The peak grip aperture was also clearly affected by the available sensory inputs (Fig. 3C). Peak grip aperture was credibly smaller in the VH condition compared with the H condition, and in V compared with the H condition (Fig. 3D). Also, the peak grip aperture in VH tended to be smaller than in the V condition. These results replicate previous findings and further corroborate that the simultaneous availability of visual and haptic inputs leads to a multisensory advantage (Camponogara and Volcic, 2019b, 2021b).
The peak grip aperture scaled with object size in all conditions (Fig. 3E). The scaling was equivalent in the VH and V conditions, and stronger compared with the H condition (Fig. 3F). This can be considered as a sign that, in central vision, the peak grip aperture modulation in multisensory grasping is mainly based on the visual size cue, as suggested by previous studies (Camponogara and Volcic, 2021b).
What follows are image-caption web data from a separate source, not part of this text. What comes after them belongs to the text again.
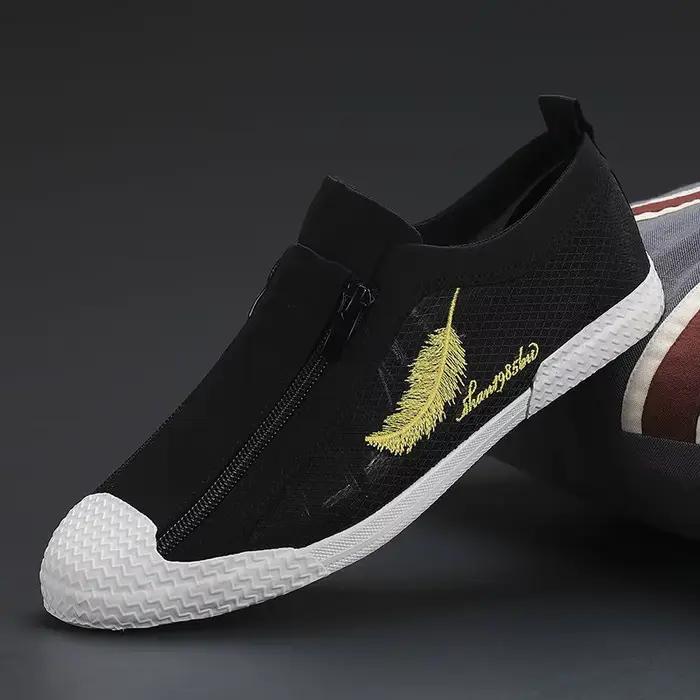 Mocassins plats en toile à double fermeture éclair pour hommes, chaussures canisées pour écoliers, b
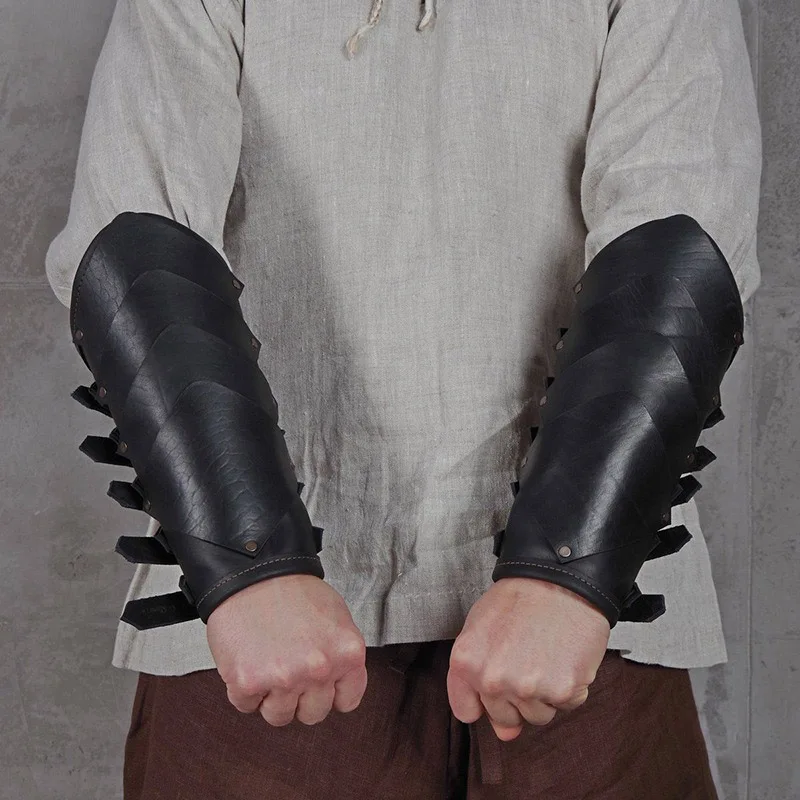 

Adult Men Medieval Viking Warrior Larp Pirate Leather Arm Bracer Armor With Buckle Rivet Steampunk Gauntlet Cos Costume For Men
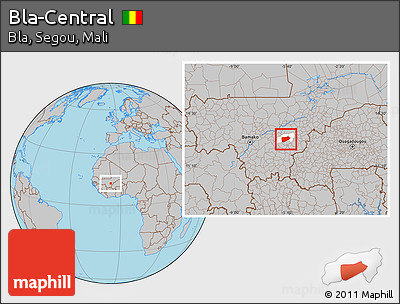 Gray Location Map of Bla-Central, highlighted parent region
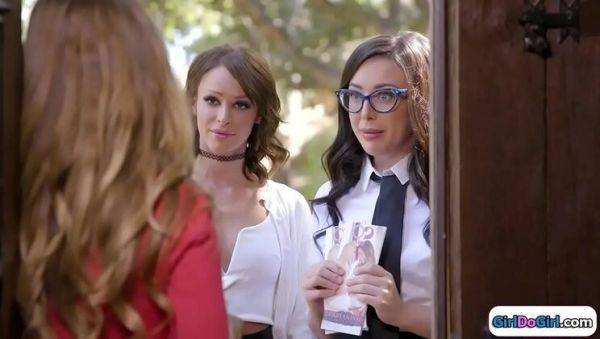 Watch this HD clip called : Hot Lesbian Recruiters Lick Straight Girl - Karla Kush, Emma Hix & Whitney Wright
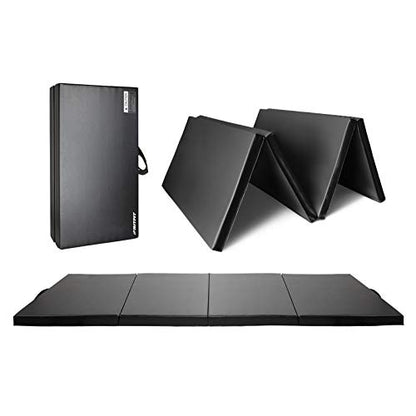 RitFit Upgraded Folding Exercise Mat, 2 Inch Thick Gymnastics Mat - color: Black(4' x 8')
Comparisons between central and peripheral vision
Additional haptic inputs affected both peak velocity and peak grip aperture also in peripheral vision (Fig. 3A,C). As observed for central vision, holding the object with the contralateral hand facilitated faster movements and reduced grip apertures highlighting again the beneficial role of haptics.
The concurrent availability of peripheral vision and haptics enabled faster movements compared with when either of the two modalities was presented in isolation (Fig. 3B, pV–pVH and H–pVH comparisons). As expected, reach-to-grasp actions toward peripherally seen objects were slower than those toward centrally seen objects. The peak velocity was credibly lower in pVH compared with VH, and there was a tendency for a credibly lower peak velocity in pV compared with V (Fig. 3B, pV–V and pVH–VH comparisons).
The peak grip aperture credibly increased when the object was in peripheral compared with central vision, both with or without the support of concurrent haptic information (Fig. 3D, pV–V and pVH–VH comparisons). However, the switch from central to peripheral vision increased peak grip apertures more strongly when the grasping behavior was not supported by additional haptic information (pV–V vs pVH–VH). The effect of adding haptic information to peripheral vision resulted in credibly narrower peak grip apertures (Fig. 3D, pV–pVH comparison), whereas adding peripheral vision to haptics led to only a minor improvement (Fig. 3D, H–pVH comparison).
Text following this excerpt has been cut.